Endzeitstimmung in Dresden – nach der »Götterdämmerung« fiel am Freitag der (vorerst) letzte Vorhang. Zweimal hatten Christian Thielemann und sein Orchester mit einem erlesenen Ensemble und dem Sächsischen Staatsopernchor im Januar und Februar Richard Wagners »Der Ring des Nibelungen« aufgeführt. Gleichzeitig emotional aufwühlend und tief berührend wurde die Geschichte von Neuanfang und Ende erzählt – und warf die immer gleichen Fragen auf. Kann etwas glücklich geraten, wenn schon das »Startkapital« auf unrechtem Wege erlangt wird? Und ist das Ende nun ein Untergang oder nur die Vorstufe für einen neuen Zyklus? (Wirkt das Feuer in Walhall wie eine Reinigung, nach der dann, später einmal …?)
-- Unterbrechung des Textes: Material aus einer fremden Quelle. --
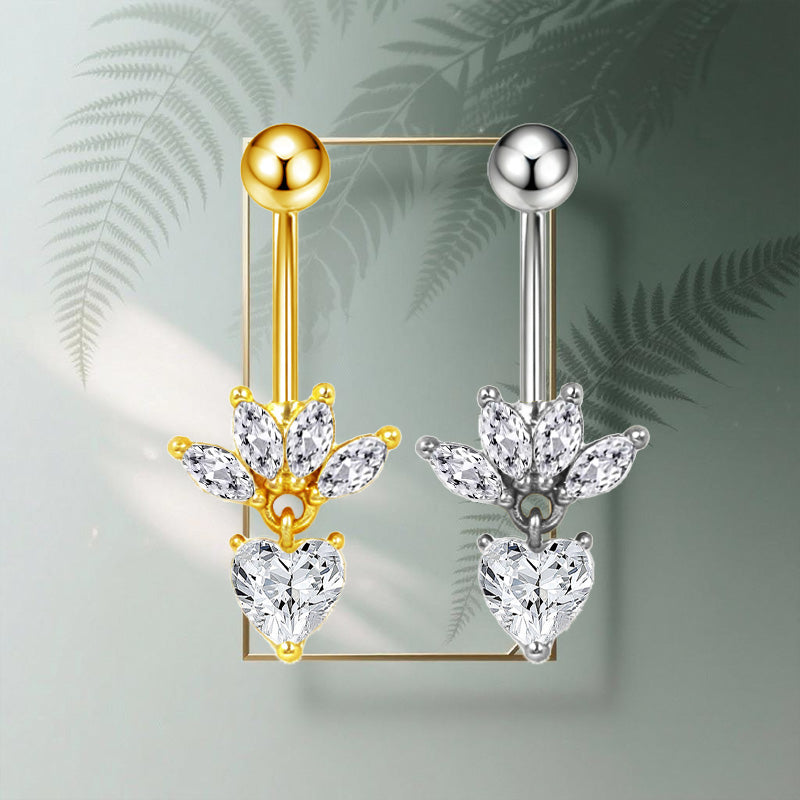 Three-dimensional Heart Shape Copper Belly Ring With Platinum Plated Electroplated Finish And Zircon Inlay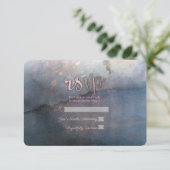 水モダン色ブルー&バラ金ゴールドピンクRSVP返信 出欠カード (スタンド正面)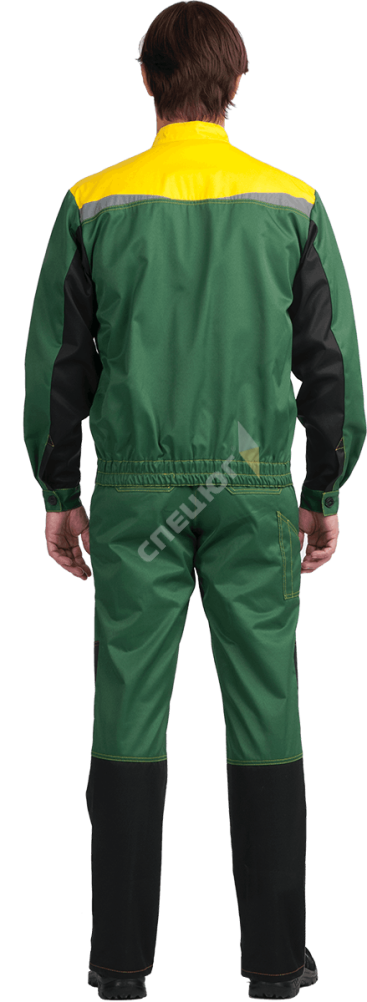 Купить Костюм КМ-10 ЛЮКС (КОС 051) зеленый-желтый (комплект: куртка и полукомб.) в Москве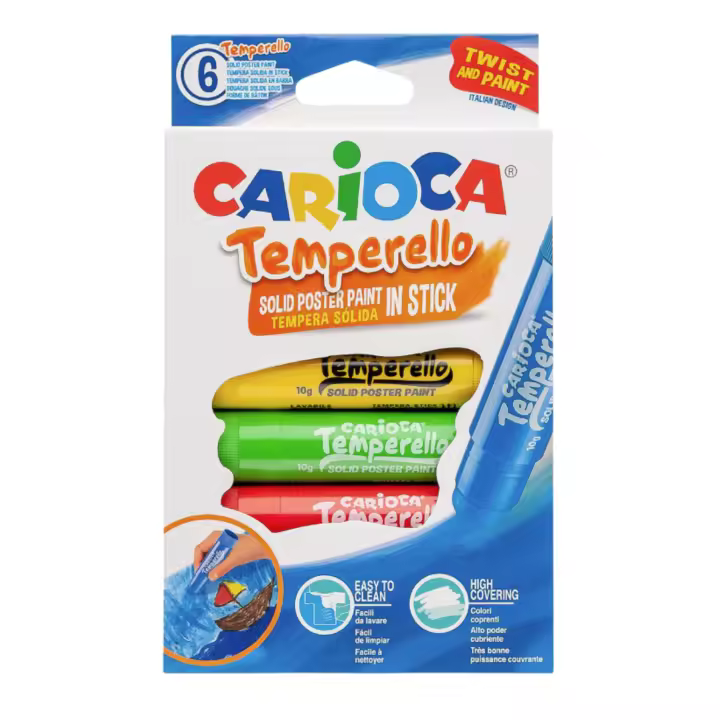 Carioca  - TEMPERELLO Pack de 6 Témperas Sólidas  Colores Brillantes y Lavables con Secado Rápido - 1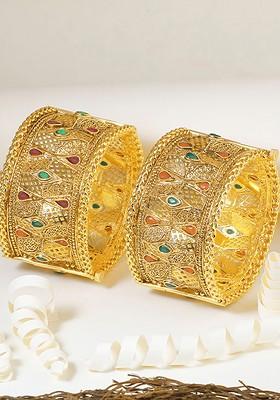 Set Of 2 Gold Plated Stone Studded Bangles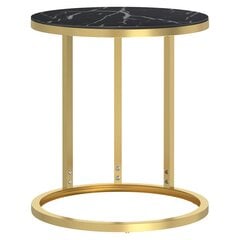 vidaXL Šoninis staliukas, auksinis/marmuro, 45cm, grūdintas stiklas kaina ir informacija | Kavos staliukai | pigu.lt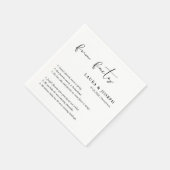 Persoonlijk Script Zwart Wit Trouwfeest Interessan Servet (Hoek)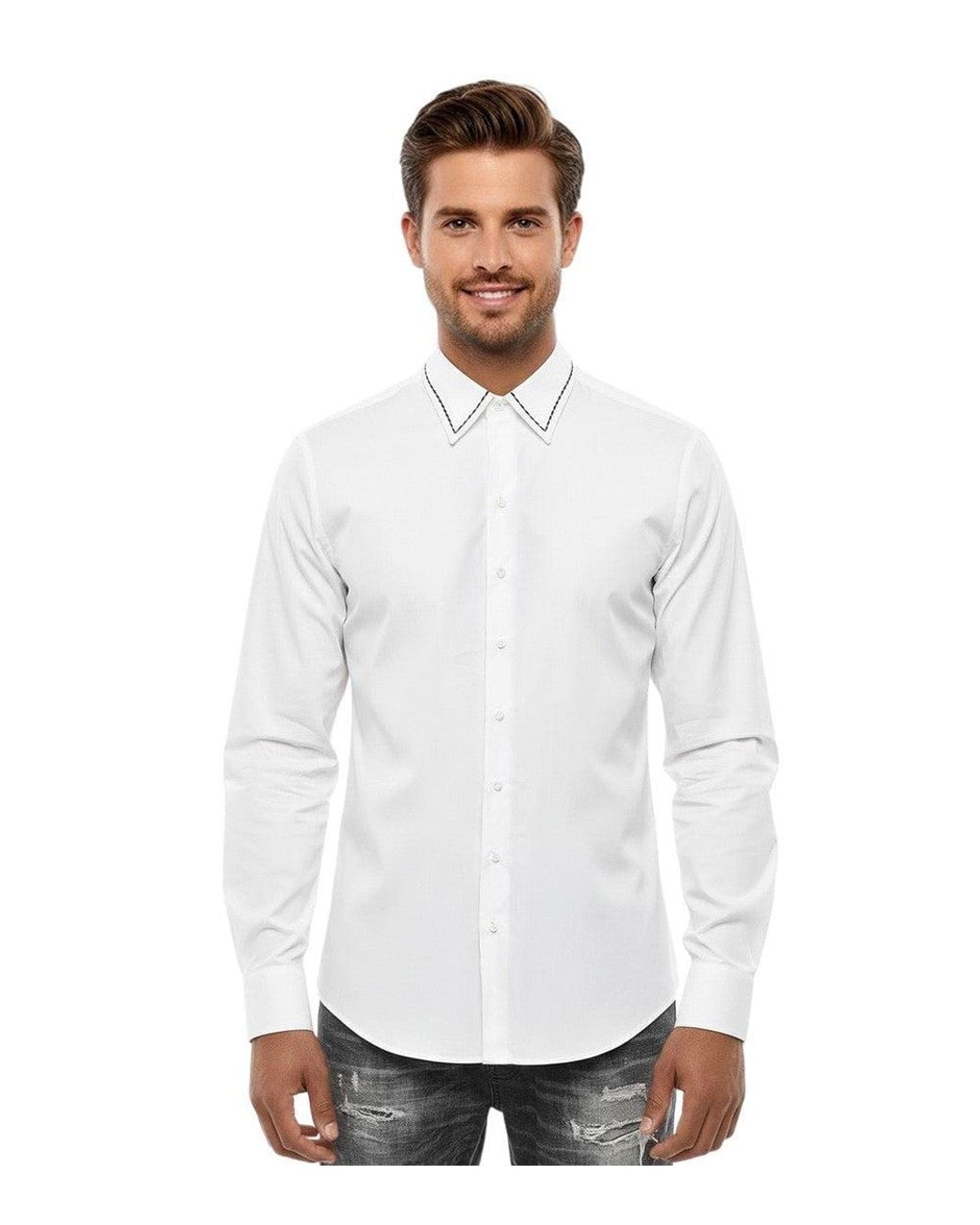 DSquared² White Slim Solid Shirt for men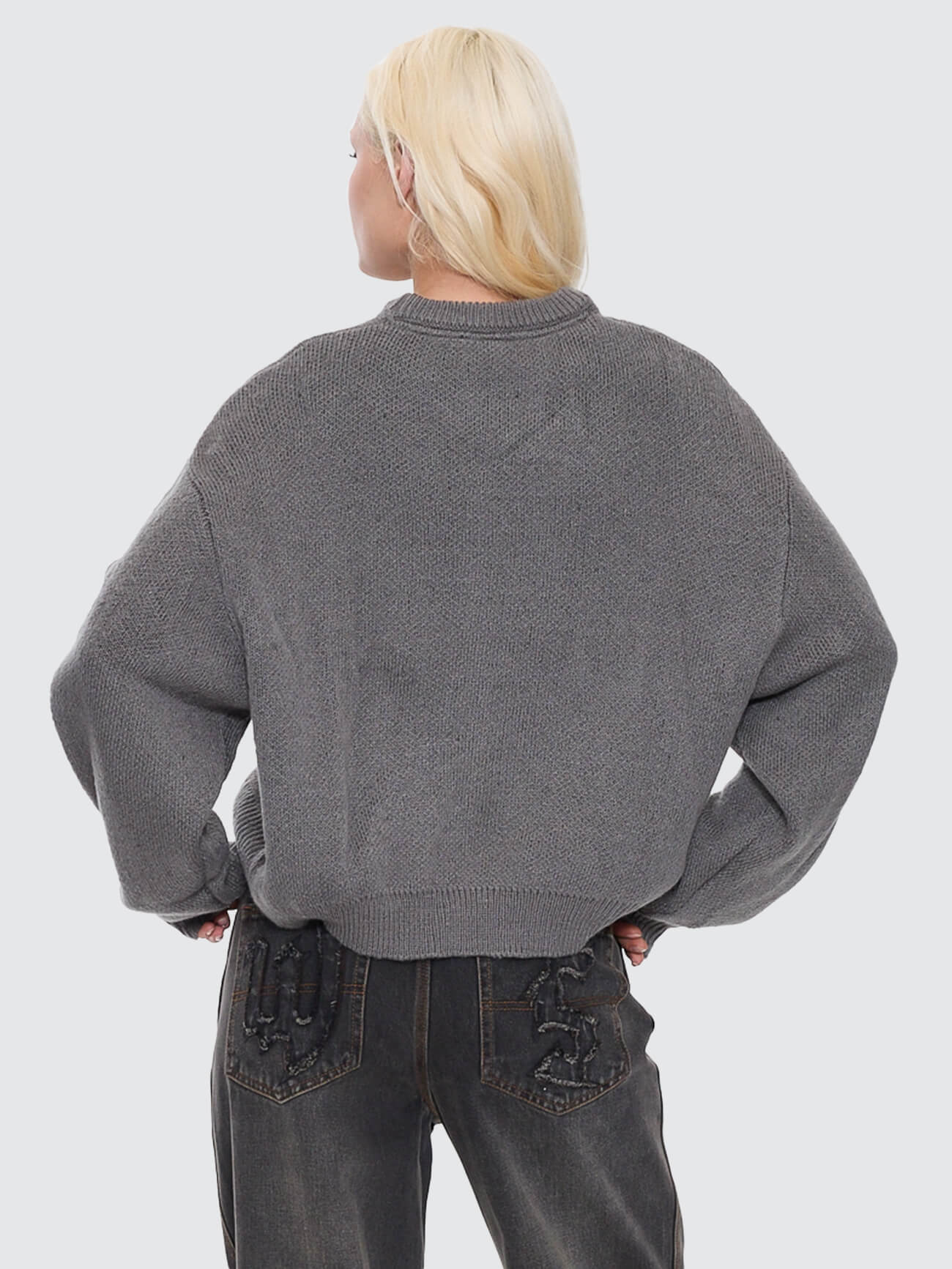 Trudge Box Fit Crew Knit Sweater - Dark Marle - Image 5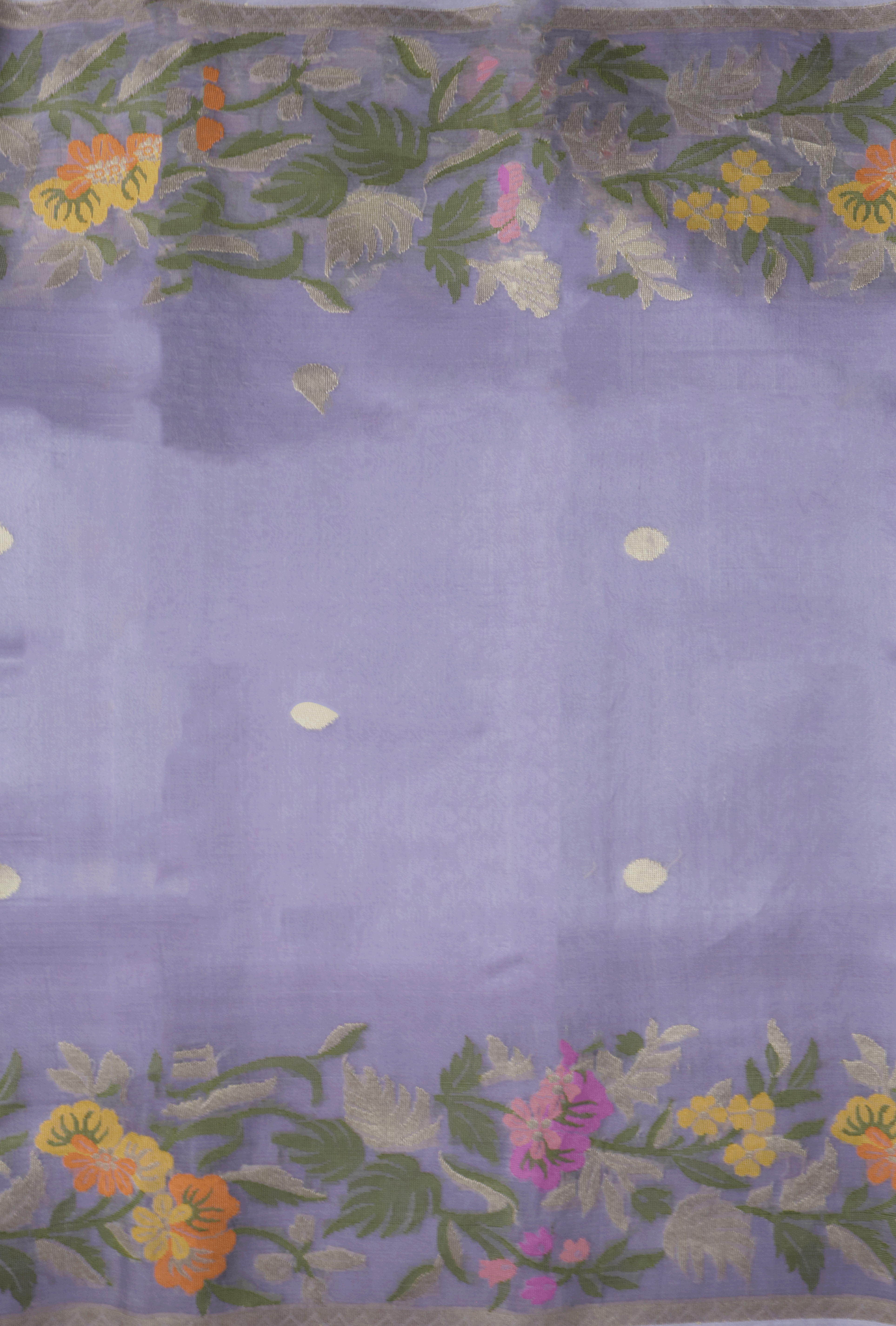Lavender Banarasi Kora Silk Saree  Mokshaa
Das »später einmal« war eines der vielbesprochenen Themen in diesen Tagen. Und manche spürten eine Endzeitstimmung schon mitten im Hoch der Aufführungen. Dabei sollte man sich wirklich hüten – die Unzuverlässigkeit der Prophetie wächst bekanntlich, je weiter man in die Zukunft zu blicken versucht. Tatsächlich einen »Schluß« machte nur Waltraud Meier (Waltraute), die – nach Ansage – ihren Bühnenabschied mit Wagner nahm und von Christian Thielemann bzw. der Sächsischen Staatskapelle innig umfangen wurde. Die Waltrauten-Szene gehörte zu jenen Passagen, in denen der Kapellchef seine sagenhafte Flexibilität und sein Ohrenmaß dazu nutzte, sich auf Sänger einzustellen, das Orchester einmal »zurückzufahren«. Meiers anfangs leicht herber Klang ist einerseits charakteristisch (und erinnerte den Rezensenten unvermittelt an ihre Bayreuther Ortrud), fügte aber nicht nur der Figur, sondern der Szene eine Nuance Unwägbarkeit und Schatten hinzu – Brünnhildes (Ricarda Merbeth) Euphorie, wiewohl ungebrochen, wird das Schicksal nicht mehr wenden können … Waltraud Meier ist nach wie vor wandelbar – Waltraute, die Brünnhilde beeinflussen, ihr ausreden will, der Leidenschaft zu folgen (»Wehre der Wallung, achtsam höre mich an!«), verlor mehr und mehr herben Beiklang und kleidete ihr Mahnen und Flehen in ein lyrisches Gewand. Daß sich beide in ihren Gewändern – gleichermaßen im Bühnenbild (Wolfgang Gussmann, Frauke Schernau) – in rot und schwarz begegneten, den Farben des Skorpions, trug zum Reiz der Inszenierung bei, denn es ist eines jener Merkmale, die Emotionen verdichten und eine Symbolik aufgreifen, ohne daß diese (lästig) aufgesetzt und kommentierend wirkt.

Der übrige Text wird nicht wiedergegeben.